How to complete this task. Transcribe each line below word for word.

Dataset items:
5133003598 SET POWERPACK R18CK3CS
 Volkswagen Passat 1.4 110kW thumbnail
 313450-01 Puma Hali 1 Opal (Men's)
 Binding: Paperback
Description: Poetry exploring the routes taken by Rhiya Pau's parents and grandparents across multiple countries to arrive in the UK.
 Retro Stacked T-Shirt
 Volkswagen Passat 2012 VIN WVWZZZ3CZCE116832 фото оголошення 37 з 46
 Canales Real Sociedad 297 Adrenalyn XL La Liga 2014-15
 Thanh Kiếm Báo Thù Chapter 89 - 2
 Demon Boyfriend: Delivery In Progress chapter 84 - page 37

Your solution.
5133003598 SET POWERPACK R18CK3CS
 Volkswagen Passat 1.4 110kW thumbnail
 313450-01 Puma Hali 1 Opal (Men's)
 Binding: Paperback
Description: Poetry exploring the routes taken by Rhiya Pau's parents and grandparents across multiple countries to arrive in the UK.
 Retro Stacked T-Shirt
 Volkswagen Passat 2012 VIN WVWZZZ3CZCE116832 фото оголошення 37 з 46
 Canales Real Sociedad 297 Adrenalyn XL La Liga 2014-15
 Thanh Kiếm Báo Thù Chapter 89 - 2
 Demon Boyfriend: Delivery In Progress chapter 84 - page 37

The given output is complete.